Background to Forest Certification

2.0

Update on the Status of the Forest Certification Project and the Fiji Forest Certification Standard

3.0

Expected Tangible Outputs of the Forest Certification Project 2012 and corresponding reports

4.0

The Way Forward for maintaining market access

5.0

Conclusion

1.0

Background to Forest Certification The concept of forest certification was created in the early 1990's with the European boycott of tropical wood products which had the reputation of being sourced (logged) with terrible environmental and social impacts. By 1994 organisations such as the Forest Stewardship Council (FSC) became established to operate a scheme whereby good forest management could be audited against a recognised standard. With a successful audit, the forest management enterprise would be awarded with a certificate and allowed use of the logo to promote to their stakeholders their compliance with the standard. Audits and certification of companies in the chain of custody of the wood products has also been essential to allow stakeholders at the end of the chain (e.g. potential customers) to differentiate certified wood products from those of unknown origin. The FSC certification scheme promotes responsible forest management which is environmentally appropriate, socially beneficial and economically viable. Forests that are FSC certified protect and maintain natural communities and high conservation value forests; respects the rights of workers, communities and indigenous peoples; as well as builds markets, adding best value and creates equitable access to the forest benefits.
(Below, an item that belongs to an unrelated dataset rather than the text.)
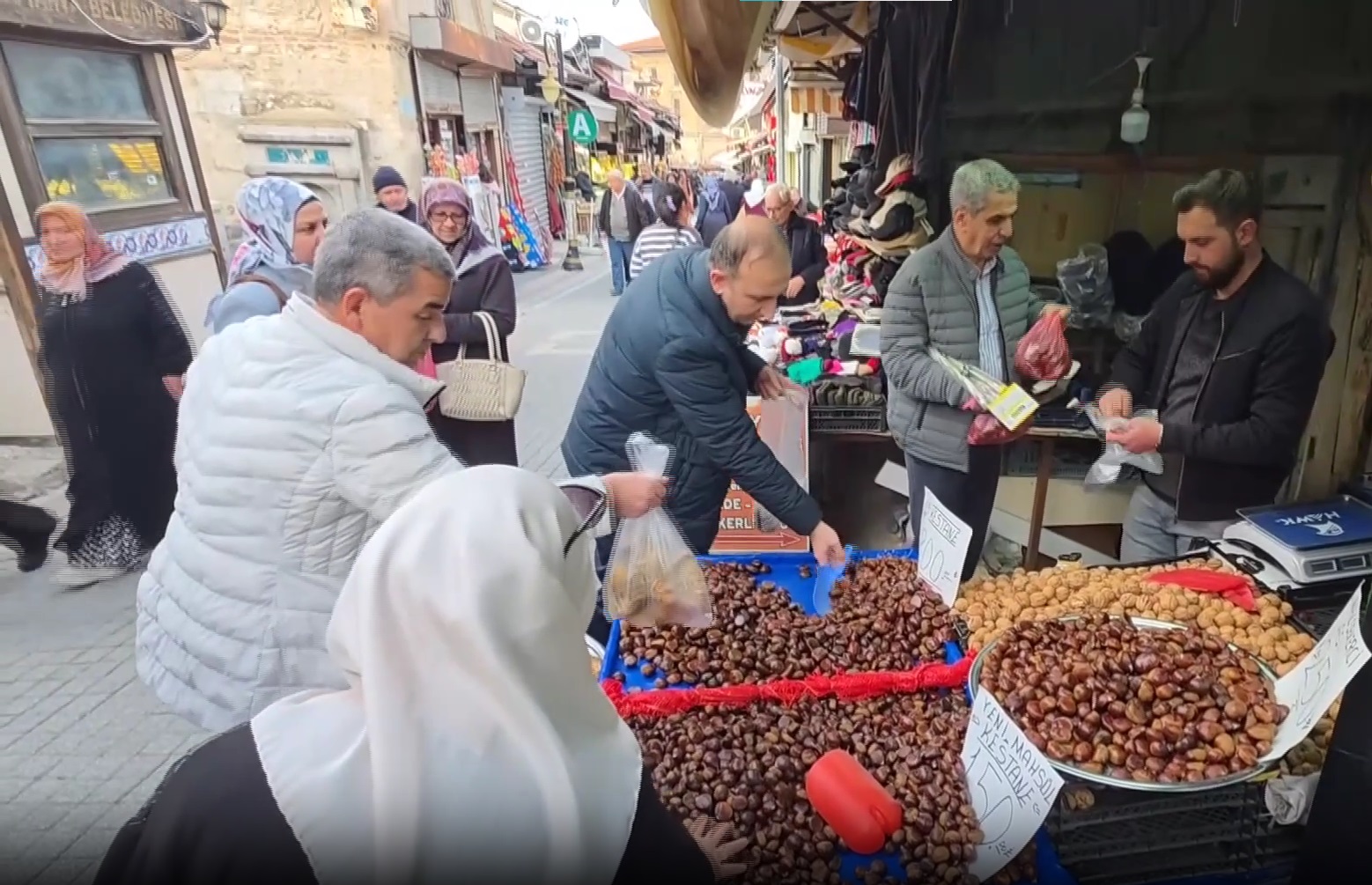 Coğrafi işaretli Simav kestanesi bu yıl yüksek rekolteyle piyasaya sunulurken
While certified wood products initially appealed more to a niche market that was environmentally aware and socially conscious, today it is the key to accessing many international markets. This is even more so with countries that have introduced their own laws for wood procurement and import through their ports; for example, Japan, the United States of America, Australia and also the European Union. Fiji's wood export to was valued at FJD 61.86 million in 2012. Approximately 80% of the volume exported was in the form of wood chips going to Japan and some to China, valued at FJD 27.8 million (43% of wood exports). Most of Fiji's mahogany market is ultimately in the United States of America and was valued at FJD 26.6 million 2012 (also 43% of wood exports). Australia and New Zealand also imports a substantial amount of wood products (mostly native species) that was valued at FJD 5.0 million in 2012.
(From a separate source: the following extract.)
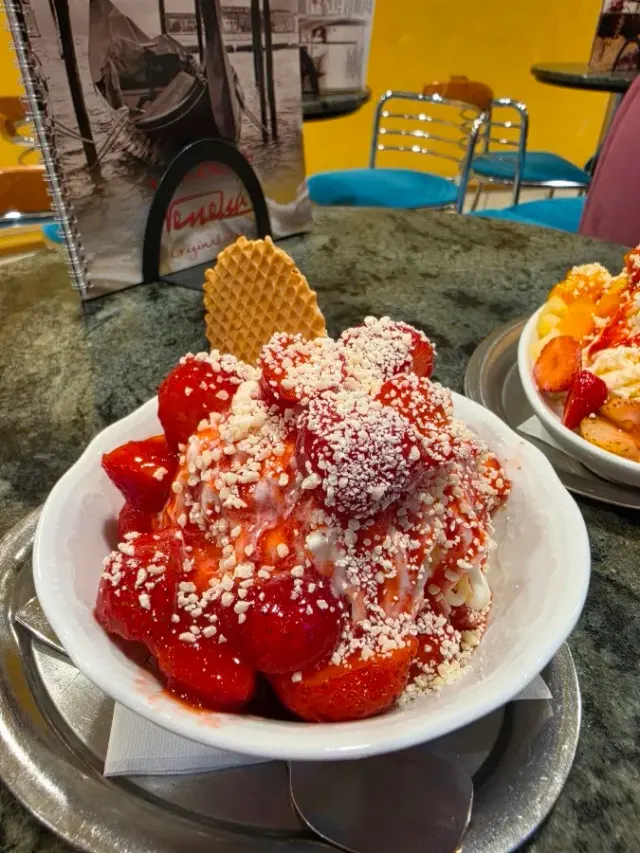 BookNoFees: Restavracija – Eiscafé Venezia – Marsberg – Eiscafé Venezia, fotografija 2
Fiji Forest Certification Project Report, 2012

Deborah Sue

1

2.0

Update on the Status of the Forest Certification Project and the Fiji Forest Certification Standard The Forest Certification Project has commenced activities in October 2012 after a break of almost four years, since 2008. The Project activities and tangible outputs are detailed in the following section, 2.0 The development of the Fiji Forest Certification Standard has been in accordance with the guidelines of the Forest Stewardship Council (FSC) as much as possible from 2005 to 2008. Standards development has included a public consultation on Draft 1, Draft 2 which included results of the public consult was field tested and the results of that were put into Draft 3. There was a public consultation on Draft 3 before Draft 4 was submitted to the FSC for accreditation in 2008. The FSC did not accept it for accreditation and stated that more work was required on it, by which time it was midway through 2009 and the Fiji Forest Certification Project had become dormant. The FSC international standard (FSC Principles and Criteria, or FSC P&C for short) had also begun its review process during this time and hence the decision was made to put a hold on our FSC standards development until the new P&C was out. Although the new P&C is now out, the FSC is also developing international generic indicators in order to standardise forest management audits. These generic indicators are anticipated to be available for use from mid-2014 onwards. Given limited funds, the decision has been made to facilitate local compliance to the Fiji Forest Certification Standard before further development. The Fiji Forest Certification Standard and Legality Issues Principle 1 of the Fiji Forest Certification Standard requires forest managers to comply with all applicable laws and regulations of the country, as well as international treaties. The criteria and indicators associated with Principle 1 list the various requirements for compliance with the Principle.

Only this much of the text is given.